Saviors of 2016: Finally, La La Land

Saviors of 2016 is our series where we recap the year by discussing its most redeeming players.
The beginning of La La Land is going to push audiences toward either end of the spectrum: You’re in or you’re out. Yet, marvelously, the ending of La La Land is going to pull everyone back together. This movie’s surprising, joyous, melancholy—it runs the gamut.
La La Land is a musical about a young couple trying to live out their showbiz dreams in Los Angeles, and what’s delightful about that is how little shame it has in being what it is. The opening scene is a song and dance number. The set is awash in sunshine, and the pomp and circumstance that proceeds is as sticky and sweet as a melty ice cream cone. There’s enough dazzle to make the more unprepared moviegoers glance at the exits, it’s that in-your-face and smiley and romantic. This movie greets you like an overeager theater kid on the first day of college; it’s sort of off-putting, but you do your best to play along.
Then again, if theater’s your scene, it’s difficult to pinpoint a single moment in La La Land that you won’t like. It’s just a fun movie to watch. The songs might not be super memorable in a vacuum, but they’re all choreographed and performed with reverent precision. The characters—Ryan Gosling and Emma Stone crush as the two downtrodden leads—are funny and charming and easy to back. The colors, the sounds, the pure filmmaking on display—La La Land looks like something made with passion and love. For a movie about Los Angeles, it’s remarkable how sincere and honest it feels. The characters feel real and their problems feel significant and unexaggerated. It woos you, and you fall for it.
Throughout the year, popular culture has talked a lot about the meaning of voices. Who’s allowed to speak? What are they allowed to speak about? Who gives people the authority to speak? Who should give people the authority to speak (different question)? From this end, it seems the main societal sector raising these sorts of questions is that which contains all the young people. The 90s kids. The free-trophy generation. The—to use a word that we at According to Dazz despise with all our hearts—millennials.
When these questions on who’s allowed to speak are asked, they’re inevitably followed up by counter-questions about entitlement. Are young people entitled? What made them that way? What do they feel entitled to have? Exploring the selfishness and entitlement of millennials at this point seems like mucking through a swamp of clichés. It’s annoying and it feels cyclical.
La La Land doesn’t enter this conversation so much as shove it aside. Its main characters are two young struggling twenty-somethings, both chasing dreams that some older folk might call ill-advised, even self-centered. Yet, the movie never condemns its characters for their decisions. It presents the highs and lows, the payoffs and consequences, and lets the viewer land on either side of “was it worth it?” It’s nice that way. While you might leave the theater thinking about the costs of success or the perils of dream-chasing, you never have the sense that La La Land is shaking a finger at Gosling’s character (he wants to open a jazz club) or Stone’s (she wants to be a movie star). There’s no You shouldn’t have done that. Nope. In fact, the movie presents dream-chasing as noble, triumphant, and especially brave. For all the risk-taking it depicts, there’s a little bit of reward, too. But just a little.

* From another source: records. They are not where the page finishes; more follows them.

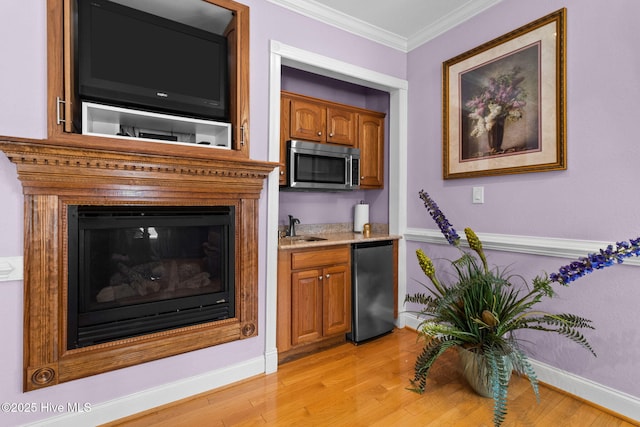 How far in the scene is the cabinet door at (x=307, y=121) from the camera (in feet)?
8.71

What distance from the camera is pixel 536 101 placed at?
2035 millimetres

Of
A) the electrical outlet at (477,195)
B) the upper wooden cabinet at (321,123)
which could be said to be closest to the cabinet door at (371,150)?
the upper wooden cabinet at (321,123)

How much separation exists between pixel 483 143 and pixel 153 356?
107 inches

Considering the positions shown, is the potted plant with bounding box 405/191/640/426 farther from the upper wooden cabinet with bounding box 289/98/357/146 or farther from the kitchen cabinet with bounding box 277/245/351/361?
the upper wooden cabinet with bounding box 289/98/357/146

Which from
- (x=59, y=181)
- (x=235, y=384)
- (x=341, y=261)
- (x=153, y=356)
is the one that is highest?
(x=59, y=181)

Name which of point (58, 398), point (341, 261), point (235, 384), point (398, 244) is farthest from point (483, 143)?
point (58, 398)

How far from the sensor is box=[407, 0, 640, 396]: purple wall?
1.67 m

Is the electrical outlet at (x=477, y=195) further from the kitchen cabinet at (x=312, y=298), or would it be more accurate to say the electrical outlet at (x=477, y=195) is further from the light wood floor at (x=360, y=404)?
the light wood floor at (x=360, y=404)

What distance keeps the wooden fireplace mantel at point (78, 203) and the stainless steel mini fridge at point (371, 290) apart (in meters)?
1.11

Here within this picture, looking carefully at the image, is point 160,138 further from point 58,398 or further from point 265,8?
point 58,398

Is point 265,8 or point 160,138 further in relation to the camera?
point 265,8

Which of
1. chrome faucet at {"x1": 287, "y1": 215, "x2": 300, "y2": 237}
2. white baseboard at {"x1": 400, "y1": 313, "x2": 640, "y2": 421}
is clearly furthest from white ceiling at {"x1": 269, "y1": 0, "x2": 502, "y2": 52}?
white baseboard at {"x1": 400, "y1": 313, "x2": 640, "y2": 421}

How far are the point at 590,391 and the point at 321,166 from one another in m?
2.41

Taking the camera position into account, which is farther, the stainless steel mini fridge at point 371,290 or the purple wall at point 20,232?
the stainless steel mini fridge at point 371,290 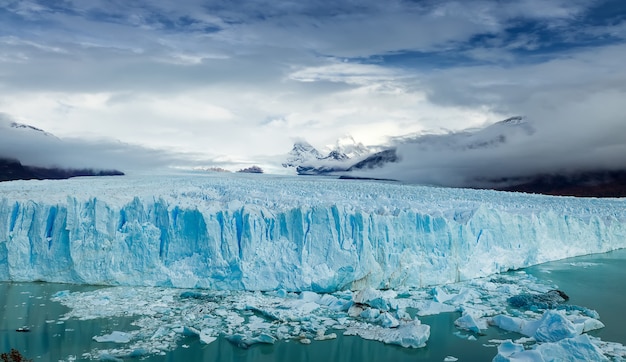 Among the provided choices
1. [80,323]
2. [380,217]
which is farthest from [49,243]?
[380,217]

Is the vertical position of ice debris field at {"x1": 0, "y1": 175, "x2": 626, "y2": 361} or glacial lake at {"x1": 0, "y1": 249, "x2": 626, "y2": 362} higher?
ice debris field at {"x1": 0, "y1": 175, "x2": 626, "y2": 361}

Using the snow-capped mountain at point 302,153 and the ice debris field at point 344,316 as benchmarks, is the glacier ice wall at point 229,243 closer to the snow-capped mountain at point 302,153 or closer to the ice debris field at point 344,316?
the ice debris field at point 344,316

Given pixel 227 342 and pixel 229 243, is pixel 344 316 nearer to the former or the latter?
pixel 227 342

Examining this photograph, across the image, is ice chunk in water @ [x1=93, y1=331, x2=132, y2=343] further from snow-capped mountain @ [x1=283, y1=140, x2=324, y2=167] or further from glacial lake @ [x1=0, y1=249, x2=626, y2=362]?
snow-capped mountain @ [x1=283, y1=140, x2=324, y2=167]

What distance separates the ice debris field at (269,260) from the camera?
9445 millimetres

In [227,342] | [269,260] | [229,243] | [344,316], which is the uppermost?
[229,243]

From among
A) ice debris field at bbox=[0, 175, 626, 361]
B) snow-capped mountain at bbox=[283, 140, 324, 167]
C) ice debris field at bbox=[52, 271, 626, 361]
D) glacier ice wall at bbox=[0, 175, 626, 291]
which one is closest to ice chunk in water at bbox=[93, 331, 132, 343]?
ice debris field at bbox=[52, 271, 626, 361]

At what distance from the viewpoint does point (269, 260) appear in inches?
448

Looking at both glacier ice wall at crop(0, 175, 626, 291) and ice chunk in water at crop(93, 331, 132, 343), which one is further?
glacier ice wall at crop(0, 175, 626, 291)

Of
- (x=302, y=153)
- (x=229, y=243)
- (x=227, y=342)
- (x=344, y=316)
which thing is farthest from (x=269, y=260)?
(x=302, y=153)

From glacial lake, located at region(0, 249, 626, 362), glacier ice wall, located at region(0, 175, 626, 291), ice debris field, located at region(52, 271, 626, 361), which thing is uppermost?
glacier ice wall, located at region(0, 175, 626, 291)

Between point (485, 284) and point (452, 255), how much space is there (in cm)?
98

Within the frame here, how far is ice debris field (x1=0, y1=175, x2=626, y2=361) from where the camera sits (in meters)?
9.45

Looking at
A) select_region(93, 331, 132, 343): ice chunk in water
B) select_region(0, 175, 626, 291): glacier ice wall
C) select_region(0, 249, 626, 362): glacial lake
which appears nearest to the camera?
select_region(0, 249, 626, 362): glacial lake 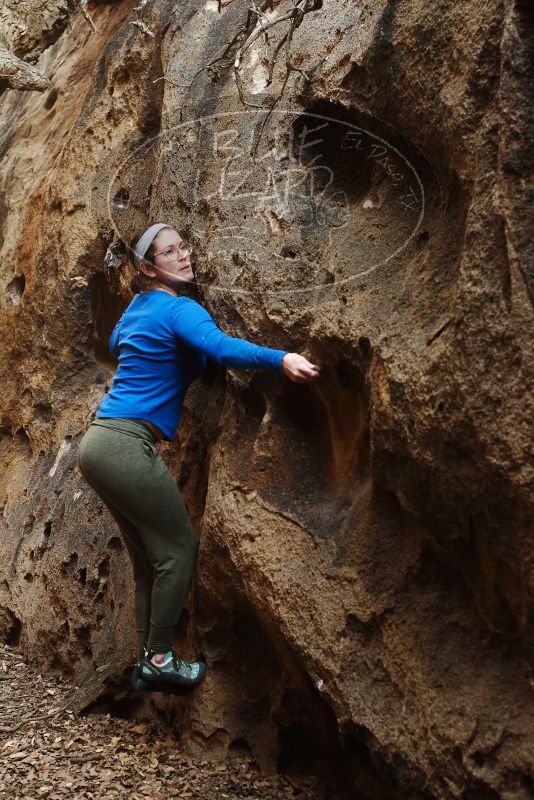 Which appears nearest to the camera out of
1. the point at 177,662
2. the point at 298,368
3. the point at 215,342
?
the point at 298,368

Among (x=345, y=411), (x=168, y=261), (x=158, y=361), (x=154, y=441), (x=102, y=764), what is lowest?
(x=102, y=764)

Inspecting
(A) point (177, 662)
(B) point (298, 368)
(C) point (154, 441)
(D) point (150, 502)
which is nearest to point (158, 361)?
(C) point (154, 441)

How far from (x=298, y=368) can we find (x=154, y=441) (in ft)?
2.51

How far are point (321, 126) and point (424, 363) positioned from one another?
1.36 metres

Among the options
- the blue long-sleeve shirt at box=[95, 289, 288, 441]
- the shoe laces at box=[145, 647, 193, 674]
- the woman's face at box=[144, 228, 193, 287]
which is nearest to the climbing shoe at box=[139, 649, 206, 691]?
the shoe laces at box=[145, 647, 193, 674]

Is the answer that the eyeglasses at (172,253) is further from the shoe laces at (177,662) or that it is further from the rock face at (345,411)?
the shoe laces at (177,662)

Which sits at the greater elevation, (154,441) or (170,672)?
(154,441)

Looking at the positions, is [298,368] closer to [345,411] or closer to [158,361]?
[345,411]

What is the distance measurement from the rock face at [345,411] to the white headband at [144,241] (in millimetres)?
226

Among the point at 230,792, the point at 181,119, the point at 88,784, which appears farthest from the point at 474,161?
→ the point at 88,784

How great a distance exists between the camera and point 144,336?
3.51 metres

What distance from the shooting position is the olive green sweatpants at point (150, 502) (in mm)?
3422

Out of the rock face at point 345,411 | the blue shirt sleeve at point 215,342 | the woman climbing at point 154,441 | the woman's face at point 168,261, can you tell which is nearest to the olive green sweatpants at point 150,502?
the woman climbing at point 154,441

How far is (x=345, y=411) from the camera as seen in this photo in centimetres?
327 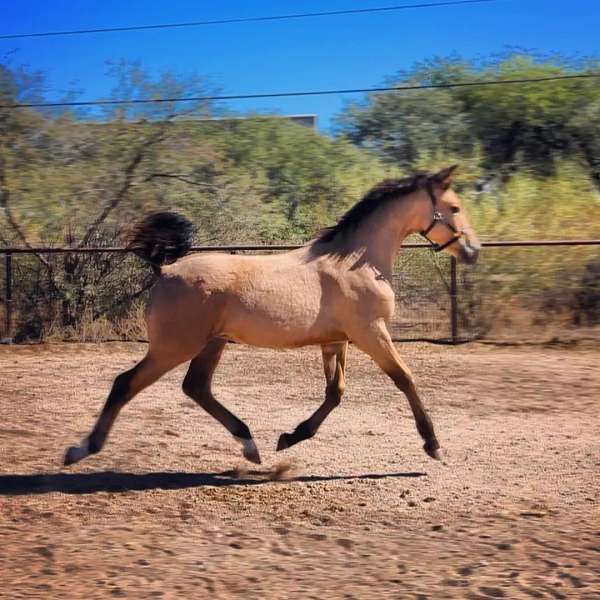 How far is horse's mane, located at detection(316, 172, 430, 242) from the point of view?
7398 millimetres

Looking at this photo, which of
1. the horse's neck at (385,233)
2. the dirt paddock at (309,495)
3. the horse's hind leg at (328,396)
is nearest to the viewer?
the dirt paddock at (309,495)

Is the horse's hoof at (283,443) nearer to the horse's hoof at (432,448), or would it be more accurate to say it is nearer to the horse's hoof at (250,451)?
the horse's hoof at (250,451)

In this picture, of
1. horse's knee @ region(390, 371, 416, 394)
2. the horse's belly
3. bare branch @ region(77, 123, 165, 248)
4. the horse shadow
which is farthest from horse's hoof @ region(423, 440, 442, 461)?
bare branch @ region(77, 123, 165, 248)

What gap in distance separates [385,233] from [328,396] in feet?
4.33

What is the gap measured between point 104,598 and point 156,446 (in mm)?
→ 3577

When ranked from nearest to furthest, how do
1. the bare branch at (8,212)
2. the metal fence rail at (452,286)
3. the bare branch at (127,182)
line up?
the metal fence rail at (452,286)
the bare branch at (127,182)
the bare branch at (8,212)

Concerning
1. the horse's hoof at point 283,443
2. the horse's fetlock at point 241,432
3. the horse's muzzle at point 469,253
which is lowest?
the horse's hoof at point 283,443

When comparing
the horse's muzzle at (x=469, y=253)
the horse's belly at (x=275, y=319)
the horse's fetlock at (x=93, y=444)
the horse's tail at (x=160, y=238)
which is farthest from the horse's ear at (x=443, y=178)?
the horse's fetlock at (x=93, y=444)

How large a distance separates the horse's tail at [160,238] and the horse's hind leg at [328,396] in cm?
138

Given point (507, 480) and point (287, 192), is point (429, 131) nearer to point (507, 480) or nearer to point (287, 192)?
point (287, 192)

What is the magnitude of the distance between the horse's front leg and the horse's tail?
146cm

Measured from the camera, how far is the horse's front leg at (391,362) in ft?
22.9

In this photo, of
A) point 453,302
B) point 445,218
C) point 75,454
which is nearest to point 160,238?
point 75,454

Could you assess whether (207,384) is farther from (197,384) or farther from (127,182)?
(127,182) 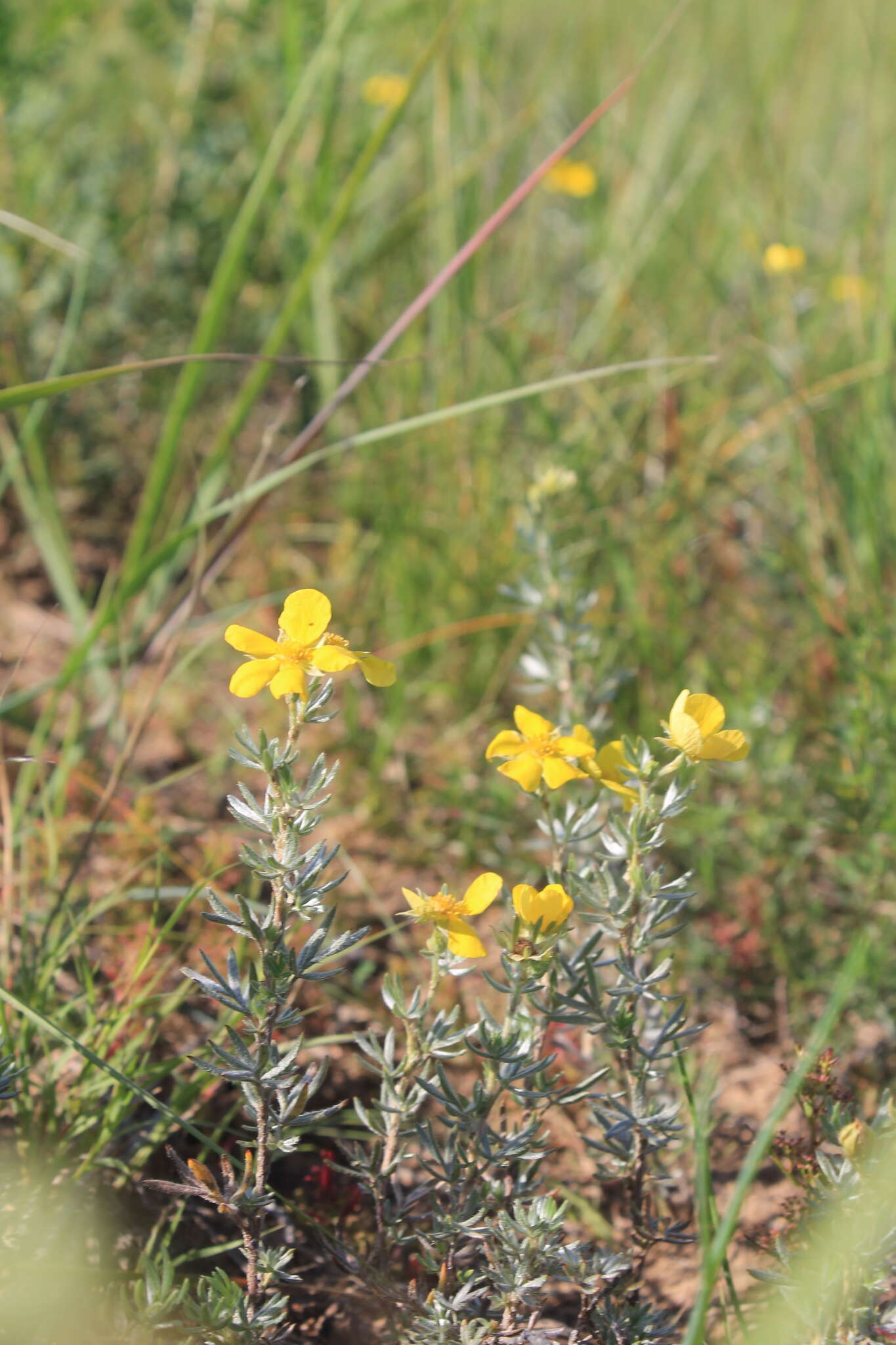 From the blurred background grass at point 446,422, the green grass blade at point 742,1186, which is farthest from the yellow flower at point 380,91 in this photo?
the green grass blade at point 742,1186

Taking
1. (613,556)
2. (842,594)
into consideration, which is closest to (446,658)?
(613,556)

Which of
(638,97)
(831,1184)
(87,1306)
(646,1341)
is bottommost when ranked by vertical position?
(87,1306)

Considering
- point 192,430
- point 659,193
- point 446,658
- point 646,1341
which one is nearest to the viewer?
point 646,1341

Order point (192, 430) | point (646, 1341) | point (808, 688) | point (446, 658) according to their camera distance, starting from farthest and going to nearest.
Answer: point (192, 430) < point (446, 658) < point (808, 688) < point (646, 1341)

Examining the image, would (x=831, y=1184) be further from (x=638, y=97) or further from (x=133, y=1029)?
(x=638, y=97)

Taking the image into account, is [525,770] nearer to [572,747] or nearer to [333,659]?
[572,747]

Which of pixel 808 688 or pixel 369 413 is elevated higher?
pixel 369 413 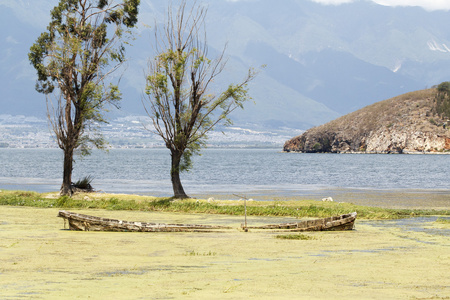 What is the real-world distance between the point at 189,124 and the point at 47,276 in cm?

That’s what makes La La Land’s ending so great. Speaking vaguely here, our final question has little to do with chasing dreams or so-called “selfish” pursuits, but has everything to do with happiness and fulfillment. It’s less “showbiz? really?” and more “showbiz? why?” The point isn’t to probe the entitlement of the characters to big dreams and lofty goals, the point is to probe why they have those goals in the first place. That’s a more interesting question. It’s rather lovely, if not at all pat.
It’s rather paradoxical, then, that a movie with such a young perspective can be packaged in such an old-fashioned container. Remember: It’s a musical! There are a few tiny hints at the present—Emma Stone’s delightfully on-brand Prius notwithstanding—but La La Land has the look and feel of a story that can be placed anywhere in time and still be resonant and truthful. It’s never dated or stamped, and going forward, that might be its smartest choice. Young people might look to this movie as a banner—it understands them, you know?—but it could’ve done the same for Generation X. Generation Z, too. It belies a clever bit of foresight in that way.
Look, La La Land isn’t some generation-defining touchstone. At its core, it’s really just a well-packaged, satisfying, harmless movie, but if you’re looking for a savior from 2016, there’s room on this lifeboat. This is a young story in a mature box. It has the lofty aspirations of a scrappy post-grad, but its themes betray an elder’s wisdom. Looking around your theater, you might see creaky seniors settling in for a day out of the house, and you might see syrupy college couples holding hands. They’ll all leave with something to talk about, something to add to the discussion. That’s a mature movie. That’s foresight. From a whole lot of song and dance, who would’ve expected this.